More than 3 years have passed since last update.

Cloud Composerに入門する

Last updated at 2022-01-15Posted at 2021-12-26

はじめに

Cloud Composerに入門した時に確認したことのメモです。（QA方式）

確認したこと

Cloud Composerとは？

Apache Airflow で構築された、フルマネージドのワークフローオーケストレーションサービス
- ハイブリッドおよびマルチクラウド環境にまたがるパイプラインを作成、スケジューリング、モニタリング
- Apache Airflow のオープンソースのプロジェクト上に構築され、Python を使用して運用
- 特定のベンダーに依存する必要がなくなり、使用も簡単

仕組みは？

Cloud Composer 環境のアーキテクチャから引用

利用者としては、「DAGファイル」と呼ばれる.pyのファイルをGCSの指定のバケット下に置くだけで、ワークフローをどんどん追加して、やりたいタスクを動かしていくことができる
Airflow Worker(s): 各タスクを実行するワーカー。
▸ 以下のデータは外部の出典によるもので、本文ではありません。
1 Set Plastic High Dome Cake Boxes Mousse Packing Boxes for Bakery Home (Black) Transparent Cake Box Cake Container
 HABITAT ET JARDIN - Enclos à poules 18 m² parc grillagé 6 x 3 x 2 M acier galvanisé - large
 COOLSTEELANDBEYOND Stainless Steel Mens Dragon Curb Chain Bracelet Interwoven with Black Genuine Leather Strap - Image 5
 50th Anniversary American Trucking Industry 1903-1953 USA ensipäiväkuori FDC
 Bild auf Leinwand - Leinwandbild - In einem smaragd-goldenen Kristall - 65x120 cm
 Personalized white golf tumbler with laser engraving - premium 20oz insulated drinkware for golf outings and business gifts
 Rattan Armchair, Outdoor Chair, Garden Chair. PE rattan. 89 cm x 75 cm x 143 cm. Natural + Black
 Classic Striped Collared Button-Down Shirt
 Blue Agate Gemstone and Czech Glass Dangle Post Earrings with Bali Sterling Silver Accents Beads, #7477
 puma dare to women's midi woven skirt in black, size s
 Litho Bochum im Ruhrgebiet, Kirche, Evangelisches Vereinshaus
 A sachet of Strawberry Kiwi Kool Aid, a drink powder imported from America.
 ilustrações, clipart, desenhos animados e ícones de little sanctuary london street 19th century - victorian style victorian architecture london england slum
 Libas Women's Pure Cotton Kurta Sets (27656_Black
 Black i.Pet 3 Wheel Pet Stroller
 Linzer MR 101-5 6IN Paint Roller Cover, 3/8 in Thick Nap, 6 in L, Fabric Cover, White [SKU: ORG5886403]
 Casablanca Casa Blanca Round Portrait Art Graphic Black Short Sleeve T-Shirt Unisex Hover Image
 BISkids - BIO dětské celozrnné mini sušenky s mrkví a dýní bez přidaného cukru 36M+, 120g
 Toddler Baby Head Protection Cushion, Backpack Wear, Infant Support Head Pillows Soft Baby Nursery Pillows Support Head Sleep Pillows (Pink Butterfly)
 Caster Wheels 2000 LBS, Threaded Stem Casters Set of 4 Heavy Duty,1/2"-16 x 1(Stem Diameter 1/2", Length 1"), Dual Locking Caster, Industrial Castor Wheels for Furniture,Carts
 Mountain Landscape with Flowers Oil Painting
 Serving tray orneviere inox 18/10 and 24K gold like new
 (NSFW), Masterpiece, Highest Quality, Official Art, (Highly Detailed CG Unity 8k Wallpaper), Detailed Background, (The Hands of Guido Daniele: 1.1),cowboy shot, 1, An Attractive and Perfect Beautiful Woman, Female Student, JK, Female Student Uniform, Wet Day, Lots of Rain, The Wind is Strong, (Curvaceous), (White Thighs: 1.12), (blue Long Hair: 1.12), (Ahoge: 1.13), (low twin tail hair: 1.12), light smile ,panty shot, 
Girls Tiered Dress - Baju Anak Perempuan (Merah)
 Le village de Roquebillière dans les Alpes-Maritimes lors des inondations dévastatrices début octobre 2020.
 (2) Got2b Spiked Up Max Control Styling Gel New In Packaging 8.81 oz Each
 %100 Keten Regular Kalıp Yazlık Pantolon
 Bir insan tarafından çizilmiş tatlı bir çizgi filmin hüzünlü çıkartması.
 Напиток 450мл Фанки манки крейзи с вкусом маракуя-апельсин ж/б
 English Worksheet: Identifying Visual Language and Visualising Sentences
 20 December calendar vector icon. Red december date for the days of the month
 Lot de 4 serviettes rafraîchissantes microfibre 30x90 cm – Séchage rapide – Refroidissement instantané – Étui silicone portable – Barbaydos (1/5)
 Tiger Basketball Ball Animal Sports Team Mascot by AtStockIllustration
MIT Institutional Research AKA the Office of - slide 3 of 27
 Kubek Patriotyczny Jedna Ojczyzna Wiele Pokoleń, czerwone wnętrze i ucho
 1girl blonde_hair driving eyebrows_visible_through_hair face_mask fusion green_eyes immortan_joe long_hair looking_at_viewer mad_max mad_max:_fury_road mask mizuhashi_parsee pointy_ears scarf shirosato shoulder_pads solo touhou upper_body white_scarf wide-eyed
node_countの設定で増やせる
Cloud Storage
- DAGs: ワークフローを記述するファイルを配置する
- Logs: 各ワーカー上で出力されたログのファイルが配置される
- plugin: DAGのなかで読み込みたい外部ファイルやモジュールなどを配置する

シンプルな構築・利用手順は？

1. Cloud Composer APIの有効化

コンソールからCloud Composer APIのENABLEを押下

2. Cloud Composer 環境を作成する

コンソールからComposer
-> 環境の作成

Location: us-central1など
Image Version: composerとairflowのバージョン
Maintenance windows: 週に12h必要
Service account: This service account runs the pods of your environment and performs environment operations such as upgrading your environment to a new version
Environment resources: Scheduler, Web server, WorkerのCPU・Memory・Storageなど
Network configuration: GKEのネットワーク設定（IPレンジなど）

-> GKEやGCSが作成される（GKEのコンソール画面からclustersやServicesが確認できる）

3. DAGファイルの作成

v2の場合の例

example_v2_dag.py

from airflow.decorators import dag, task
from airflow.utils.dates import days_ago

@dag(default_args={'owner': 'airflow'}, schedule_interval=None, start_date=days_ago(2))
def tutorial_taskflow_api_etl():
   @task
   def extract():
       return {"1001": 301.27, "1002": 433.21, "1003": 502.22}

   @task
   def transform(order_data_dict: dict) -> dict:
       total_order_value = 0

       for value in order_data_dict.values():
           total_order_value += value

       return {"total_order_value": total_order_value}

   @task()
   def load(total_order_value: float):

       print("Total order value is: %.2f" % total_order_value)

   order_data = extract()
   order_summary = transform(order_data)
   load(order_summary["total_order_value"])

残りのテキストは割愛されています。